Task data:
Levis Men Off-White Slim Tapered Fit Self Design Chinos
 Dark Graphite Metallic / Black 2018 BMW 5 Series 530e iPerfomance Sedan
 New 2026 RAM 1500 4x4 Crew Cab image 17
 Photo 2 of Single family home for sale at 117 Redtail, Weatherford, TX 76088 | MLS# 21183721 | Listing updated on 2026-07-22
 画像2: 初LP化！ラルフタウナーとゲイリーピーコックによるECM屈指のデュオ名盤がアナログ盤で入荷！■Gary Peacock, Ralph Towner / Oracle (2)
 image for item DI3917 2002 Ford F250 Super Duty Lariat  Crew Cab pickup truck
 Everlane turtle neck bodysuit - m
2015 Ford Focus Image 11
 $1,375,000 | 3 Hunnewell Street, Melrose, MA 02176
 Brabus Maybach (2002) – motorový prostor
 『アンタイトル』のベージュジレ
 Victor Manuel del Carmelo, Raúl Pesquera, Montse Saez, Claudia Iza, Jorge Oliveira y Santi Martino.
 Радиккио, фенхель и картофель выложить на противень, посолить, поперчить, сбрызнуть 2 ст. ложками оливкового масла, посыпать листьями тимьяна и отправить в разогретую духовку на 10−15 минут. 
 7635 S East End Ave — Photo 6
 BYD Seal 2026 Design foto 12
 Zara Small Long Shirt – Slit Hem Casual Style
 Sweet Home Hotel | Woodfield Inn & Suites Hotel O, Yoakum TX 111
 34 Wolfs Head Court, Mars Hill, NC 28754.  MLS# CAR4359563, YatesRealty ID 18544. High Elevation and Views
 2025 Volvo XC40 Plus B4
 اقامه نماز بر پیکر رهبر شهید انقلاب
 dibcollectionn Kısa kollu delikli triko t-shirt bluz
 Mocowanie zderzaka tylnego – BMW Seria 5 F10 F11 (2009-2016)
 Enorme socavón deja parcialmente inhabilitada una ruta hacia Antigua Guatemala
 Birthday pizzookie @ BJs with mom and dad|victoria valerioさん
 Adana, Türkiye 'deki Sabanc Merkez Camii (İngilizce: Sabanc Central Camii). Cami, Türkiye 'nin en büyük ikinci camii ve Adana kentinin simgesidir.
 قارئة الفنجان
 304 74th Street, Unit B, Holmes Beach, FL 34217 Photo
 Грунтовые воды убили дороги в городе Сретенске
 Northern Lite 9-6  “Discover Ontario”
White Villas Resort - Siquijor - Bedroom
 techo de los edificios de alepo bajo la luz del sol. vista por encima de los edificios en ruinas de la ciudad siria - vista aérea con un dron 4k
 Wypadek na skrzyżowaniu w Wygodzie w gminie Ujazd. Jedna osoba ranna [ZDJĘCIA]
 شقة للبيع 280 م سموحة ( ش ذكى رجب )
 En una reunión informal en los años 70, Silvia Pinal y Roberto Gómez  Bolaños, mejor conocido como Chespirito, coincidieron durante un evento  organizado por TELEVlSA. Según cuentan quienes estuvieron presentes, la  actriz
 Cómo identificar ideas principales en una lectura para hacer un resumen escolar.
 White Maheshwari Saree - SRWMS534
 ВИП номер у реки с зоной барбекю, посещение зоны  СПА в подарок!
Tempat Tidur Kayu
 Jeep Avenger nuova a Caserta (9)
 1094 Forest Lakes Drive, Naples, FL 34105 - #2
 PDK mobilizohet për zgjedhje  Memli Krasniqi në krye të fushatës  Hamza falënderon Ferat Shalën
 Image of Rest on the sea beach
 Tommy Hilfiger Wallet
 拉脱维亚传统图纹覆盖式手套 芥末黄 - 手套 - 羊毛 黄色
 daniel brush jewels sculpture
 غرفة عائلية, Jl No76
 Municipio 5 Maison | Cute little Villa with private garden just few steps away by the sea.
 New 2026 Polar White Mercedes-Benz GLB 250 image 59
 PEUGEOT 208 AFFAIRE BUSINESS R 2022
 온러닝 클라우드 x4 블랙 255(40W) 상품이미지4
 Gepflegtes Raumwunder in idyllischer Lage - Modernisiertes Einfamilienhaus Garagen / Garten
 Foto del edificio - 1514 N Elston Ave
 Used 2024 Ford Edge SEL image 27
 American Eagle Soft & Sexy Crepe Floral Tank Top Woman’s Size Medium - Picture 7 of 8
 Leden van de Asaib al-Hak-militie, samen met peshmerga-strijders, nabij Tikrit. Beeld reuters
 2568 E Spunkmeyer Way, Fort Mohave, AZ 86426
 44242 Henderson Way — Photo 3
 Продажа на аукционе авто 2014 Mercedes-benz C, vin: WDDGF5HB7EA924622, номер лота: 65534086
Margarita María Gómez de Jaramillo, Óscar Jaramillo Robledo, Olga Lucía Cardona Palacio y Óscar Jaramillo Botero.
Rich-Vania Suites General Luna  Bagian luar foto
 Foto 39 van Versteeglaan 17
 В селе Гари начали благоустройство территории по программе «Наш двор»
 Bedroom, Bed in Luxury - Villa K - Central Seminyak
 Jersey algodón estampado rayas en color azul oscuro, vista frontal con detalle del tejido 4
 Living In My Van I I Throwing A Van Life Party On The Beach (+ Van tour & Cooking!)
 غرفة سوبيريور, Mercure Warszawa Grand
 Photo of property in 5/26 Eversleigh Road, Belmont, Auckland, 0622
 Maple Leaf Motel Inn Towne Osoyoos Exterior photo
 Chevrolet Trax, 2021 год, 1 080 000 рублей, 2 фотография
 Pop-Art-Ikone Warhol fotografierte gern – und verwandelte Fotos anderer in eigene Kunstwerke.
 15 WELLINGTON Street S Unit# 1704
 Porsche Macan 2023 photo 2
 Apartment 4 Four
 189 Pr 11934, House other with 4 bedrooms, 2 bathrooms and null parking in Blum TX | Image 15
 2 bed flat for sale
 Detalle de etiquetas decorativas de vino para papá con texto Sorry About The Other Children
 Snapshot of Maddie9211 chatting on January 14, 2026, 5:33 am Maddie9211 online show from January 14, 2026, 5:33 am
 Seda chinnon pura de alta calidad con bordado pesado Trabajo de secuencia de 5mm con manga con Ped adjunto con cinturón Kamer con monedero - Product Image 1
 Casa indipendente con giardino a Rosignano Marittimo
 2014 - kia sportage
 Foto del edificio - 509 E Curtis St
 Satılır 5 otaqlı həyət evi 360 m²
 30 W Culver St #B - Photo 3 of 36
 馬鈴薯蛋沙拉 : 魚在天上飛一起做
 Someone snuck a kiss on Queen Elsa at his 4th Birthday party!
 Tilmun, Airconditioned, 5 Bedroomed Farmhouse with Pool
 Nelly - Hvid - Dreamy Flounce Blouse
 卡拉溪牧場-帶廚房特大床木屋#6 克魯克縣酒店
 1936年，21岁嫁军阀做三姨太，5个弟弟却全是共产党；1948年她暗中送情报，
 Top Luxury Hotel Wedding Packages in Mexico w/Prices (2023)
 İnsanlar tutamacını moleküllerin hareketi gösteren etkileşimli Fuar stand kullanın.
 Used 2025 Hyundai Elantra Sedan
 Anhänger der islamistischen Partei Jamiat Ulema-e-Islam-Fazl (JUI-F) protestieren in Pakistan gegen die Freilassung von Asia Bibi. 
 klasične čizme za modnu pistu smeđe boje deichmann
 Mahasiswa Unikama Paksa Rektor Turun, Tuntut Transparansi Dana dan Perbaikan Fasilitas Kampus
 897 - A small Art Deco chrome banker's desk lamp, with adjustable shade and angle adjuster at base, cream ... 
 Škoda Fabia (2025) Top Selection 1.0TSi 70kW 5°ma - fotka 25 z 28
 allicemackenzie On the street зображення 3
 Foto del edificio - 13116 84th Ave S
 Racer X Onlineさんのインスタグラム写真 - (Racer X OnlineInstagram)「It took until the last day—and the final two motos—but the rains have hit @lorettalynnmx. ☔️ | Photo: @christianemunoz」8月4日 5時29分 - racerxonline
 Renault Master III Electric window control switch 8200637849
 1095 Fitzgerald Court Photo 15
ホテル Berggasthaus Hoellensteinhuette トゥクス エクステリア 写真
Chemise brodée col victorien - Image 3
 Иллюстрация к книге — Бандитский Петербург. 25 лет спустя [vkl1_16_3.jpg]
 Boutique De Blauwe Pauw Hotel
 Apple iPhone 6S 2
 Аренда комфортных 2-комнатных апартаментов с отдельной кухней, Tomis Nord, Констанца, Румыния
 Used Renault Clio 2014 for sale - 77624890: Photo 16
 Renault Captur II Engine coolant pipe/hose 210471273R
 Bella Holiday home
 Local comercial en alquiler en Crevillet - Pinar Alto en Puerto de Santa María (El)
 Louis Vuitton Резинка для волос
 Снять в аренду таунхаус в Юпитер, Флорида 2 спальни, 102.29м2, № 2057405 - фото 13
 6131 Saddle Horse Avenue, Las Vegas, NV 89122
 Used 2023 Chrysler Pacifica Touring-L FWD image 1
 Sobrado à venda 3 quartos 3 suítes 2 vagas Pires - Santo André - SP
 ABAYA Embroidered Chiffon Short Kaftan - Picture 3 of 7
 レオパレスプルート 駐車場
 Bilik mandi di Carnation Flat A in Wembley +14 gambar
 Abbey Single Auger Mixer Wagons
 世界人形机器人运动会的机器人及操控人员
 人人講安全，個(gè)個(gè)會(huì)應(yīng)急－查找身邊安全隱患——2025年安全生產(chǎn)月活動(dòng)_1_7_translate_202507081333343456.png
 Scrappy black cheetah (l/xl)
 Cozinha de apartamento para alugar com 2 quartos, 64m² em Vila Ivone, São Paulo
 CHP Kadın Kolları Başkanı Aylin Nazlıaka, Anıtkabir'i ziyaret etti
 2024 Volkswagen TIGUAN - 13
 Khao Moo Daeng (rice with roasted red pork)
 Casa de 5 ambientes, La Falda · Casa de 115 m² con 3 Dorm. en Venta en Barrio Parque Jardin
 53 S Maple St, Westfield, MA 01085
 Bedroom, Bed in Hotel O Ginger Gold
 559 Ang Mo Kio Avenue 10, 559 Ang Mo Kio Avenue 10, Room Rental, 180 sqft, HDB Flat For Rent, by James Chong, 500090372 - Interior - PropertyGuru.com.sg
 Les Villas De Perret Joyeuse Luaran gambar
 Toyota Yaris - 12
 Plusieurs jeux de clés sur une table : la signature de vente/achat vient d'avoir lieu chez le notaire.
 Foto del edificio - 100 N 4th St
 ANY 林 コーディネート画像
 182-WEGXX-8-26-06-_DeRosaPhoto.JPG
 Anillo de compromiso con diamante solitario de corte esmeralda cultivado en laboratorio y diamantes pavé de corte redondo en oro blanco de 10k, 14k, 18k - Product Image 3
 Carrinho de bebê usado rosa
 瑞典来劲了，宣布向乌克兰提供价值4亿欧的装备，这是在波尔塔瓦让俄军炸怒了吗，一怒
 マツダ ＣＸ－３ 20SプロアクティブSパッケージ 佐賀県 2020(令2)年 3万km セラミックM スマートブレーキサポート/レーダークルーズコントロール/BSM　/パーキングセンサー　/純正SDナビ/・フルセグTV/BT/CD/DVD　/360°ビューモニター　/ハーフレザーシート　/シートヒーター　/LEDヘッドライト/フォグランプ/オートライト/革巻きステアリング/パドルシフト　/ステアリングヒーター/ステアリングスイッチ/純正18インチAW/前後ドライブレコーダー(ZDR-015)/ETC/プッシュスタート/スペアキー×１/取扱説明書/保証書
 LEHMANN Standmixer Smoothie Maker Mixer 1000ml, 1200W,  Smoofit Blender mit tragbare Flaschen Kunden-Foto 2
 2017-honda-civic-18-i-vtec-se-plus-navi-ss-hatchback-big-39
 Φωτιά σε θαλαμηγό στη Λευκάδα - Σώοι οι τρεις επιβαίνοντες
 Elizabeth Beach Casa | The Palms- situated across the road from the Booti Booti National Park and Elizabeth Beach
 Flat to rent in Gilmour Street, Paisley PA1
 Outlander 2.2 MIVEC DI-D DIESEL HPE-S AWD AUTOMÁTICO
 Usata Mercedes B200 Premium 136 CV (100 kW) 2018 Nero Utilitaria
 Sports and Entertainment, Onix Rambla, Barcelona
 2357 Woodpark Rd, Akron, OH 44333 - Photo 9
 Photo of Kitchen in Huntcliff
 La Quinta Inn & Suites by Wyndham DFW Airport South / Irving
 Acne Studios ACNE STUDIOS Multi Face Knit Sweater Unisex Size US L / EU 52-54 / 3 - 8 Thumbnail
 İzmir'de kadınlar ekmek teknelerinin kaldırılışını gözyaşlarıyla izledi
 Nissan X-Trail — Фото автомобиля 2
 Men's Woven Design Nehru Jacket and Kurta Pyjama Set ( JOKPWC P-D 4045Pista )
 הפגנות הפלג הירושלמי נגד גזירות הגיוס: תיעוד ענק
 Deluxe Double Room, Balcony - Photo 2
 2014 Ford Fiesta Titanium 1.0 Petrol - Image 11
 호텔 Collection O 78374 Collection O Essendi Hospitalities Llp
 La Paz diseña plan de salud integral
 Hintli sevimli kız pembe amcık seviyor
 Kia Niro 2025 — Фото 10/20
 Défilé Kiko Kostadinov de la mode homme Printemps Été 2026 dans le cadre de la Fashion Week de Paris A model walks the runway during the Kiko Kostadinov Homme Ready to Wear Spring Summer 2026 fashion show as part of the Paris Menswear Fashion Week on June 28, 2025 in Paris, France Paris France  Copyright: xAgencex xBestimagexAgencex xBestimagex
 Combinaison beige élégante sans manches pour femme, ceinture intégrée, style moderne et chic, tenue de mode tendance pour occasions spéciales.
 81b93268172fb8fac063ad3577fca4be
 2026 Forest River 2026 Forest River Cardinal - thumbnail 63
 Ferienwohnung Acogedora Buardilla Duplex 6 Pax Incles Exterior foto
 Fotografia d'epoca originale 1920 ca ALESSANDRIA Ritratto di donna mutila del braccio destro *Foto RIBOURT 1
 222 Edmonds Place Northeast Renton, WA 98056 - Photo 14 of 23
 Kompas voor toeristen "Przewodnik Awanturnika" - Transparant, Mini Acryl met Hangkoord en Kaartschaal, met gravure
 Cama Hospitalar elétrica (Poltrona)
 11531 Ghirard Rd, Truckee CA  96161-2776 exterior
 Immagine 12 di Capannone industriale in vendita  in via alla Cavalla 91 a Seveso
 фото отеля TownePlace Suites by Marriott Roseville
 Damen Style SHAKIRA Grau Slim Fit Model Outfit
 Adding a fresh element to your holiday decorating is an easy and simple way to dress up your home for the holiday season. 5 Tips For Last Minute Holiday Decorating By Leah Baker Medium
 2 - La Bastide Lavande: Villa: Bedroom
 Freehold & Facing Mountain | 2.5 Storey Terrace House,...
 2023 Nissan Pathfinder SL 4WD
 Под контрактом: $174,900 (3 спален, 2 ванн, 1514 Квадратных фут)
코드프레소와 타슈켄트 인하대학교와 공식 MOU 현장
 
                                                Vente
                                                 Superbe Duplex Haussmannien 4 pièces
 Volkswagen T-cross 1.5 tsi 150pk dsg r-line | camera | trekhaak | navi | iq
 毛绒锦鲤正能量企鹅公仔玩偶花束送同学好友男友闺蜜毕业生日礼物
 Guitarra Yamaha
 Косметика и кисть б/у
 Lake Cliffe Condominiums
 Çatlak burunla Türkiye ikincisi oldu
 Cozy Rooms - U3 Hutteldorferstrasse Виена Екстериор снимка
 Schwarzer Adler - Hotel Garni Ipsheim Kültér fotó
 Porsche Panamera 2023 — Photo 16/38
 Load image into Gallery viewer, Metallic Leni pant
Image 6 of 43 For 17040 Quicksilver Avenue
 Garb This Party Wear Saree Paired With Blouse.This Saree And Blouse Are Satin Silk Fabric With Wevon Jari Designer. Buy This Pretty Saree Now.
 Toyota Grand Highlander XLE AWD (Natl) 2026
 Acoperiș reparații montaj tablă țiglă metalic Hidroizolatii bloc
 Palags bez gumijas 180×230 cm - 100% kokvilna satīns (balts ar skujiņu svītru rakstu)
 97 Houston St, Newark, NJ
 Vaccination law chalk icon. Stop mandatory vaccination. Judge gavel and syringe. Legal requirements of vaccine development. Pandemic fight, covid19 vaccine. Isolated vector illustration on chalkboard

Exercise: Retype the records above, but only those lines that fall between the line containing "Casa indipendente con" and the line containing "İnsanlar tutamacını moleküllerin", with both of those lines included, exactly as written.

Answer to this task:
 Casa indipendente con giardino a Rosignano Marittimo
 2014 - kia sportage
 Foto del edificio - 509 E Curtis St
 Satılır 5 otaqlı həyət evi 360 m²
 30 W Culver St #B - Photo 3 of 36
 馬鈴薯蛋沙拉 : 魚在天上飛一起做
 Someone snuck a kiss on Queen Elsa at his 4th Birthday party!
 Tilmun, Airconditioned, 5 Bedroomed Farmhouse with Pool
 Nelly - Hvid - Dreamy Flounce Blouse
 卡拉溪牧場-帶廚房特大床木屋#6 克魯克縣酒店
 1936年，21岁嫁军阀做三姨太，5个弟弟却全是共产党；1948年她暗中送情报，
 Top Luxury Hotel Wedding Packages in Mexico w/Prices (2023)
 İnsanlar tutamacını moleküllerin hareketi gösteren etkileşimli Fuar stand kullanın.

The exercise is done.